Exercise — Lines before the one containing "Motorrad-Bremsbeläge von Pizgear" in the records below are to be left out; that line and all after it, through the end, are to be retyped exactly.

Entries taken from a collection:
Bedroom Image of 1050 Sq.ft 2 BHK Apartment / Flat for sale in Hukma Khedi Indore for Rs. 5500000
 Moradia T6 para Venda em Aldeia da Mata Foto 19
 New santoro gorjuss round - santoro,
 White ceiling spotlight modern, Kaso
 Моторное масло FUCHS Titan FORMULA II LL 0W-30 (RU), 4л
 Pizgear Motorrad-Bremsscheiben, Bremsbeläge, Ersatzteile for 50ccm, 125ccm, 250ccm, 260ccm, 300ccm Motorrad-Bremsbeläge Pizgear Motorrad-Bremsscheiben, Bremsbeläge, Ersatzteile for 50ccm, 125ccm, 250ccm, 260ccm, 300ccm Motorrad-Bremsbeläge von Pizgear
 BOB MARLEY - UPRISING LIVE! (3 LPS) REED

Written response —
 Pizgear Motorrad-Bremsscheiben, Bremsbeläge, Ersatzteile for 50ccm, 125ccm, 250ccm, 260ccm, 300ccm Motorrad-Bremsbeläge Pizgear Motorrad-Bremsscheiben, Bremsbeläge, Ersatzteile for 50ccm, 125ccm, 250ccm, 260ccm, 300ccm Motorrad-Bremsbeläge von Pizgear
 BOB MARLEY - UPRISING LIVE! (3 LPS) REED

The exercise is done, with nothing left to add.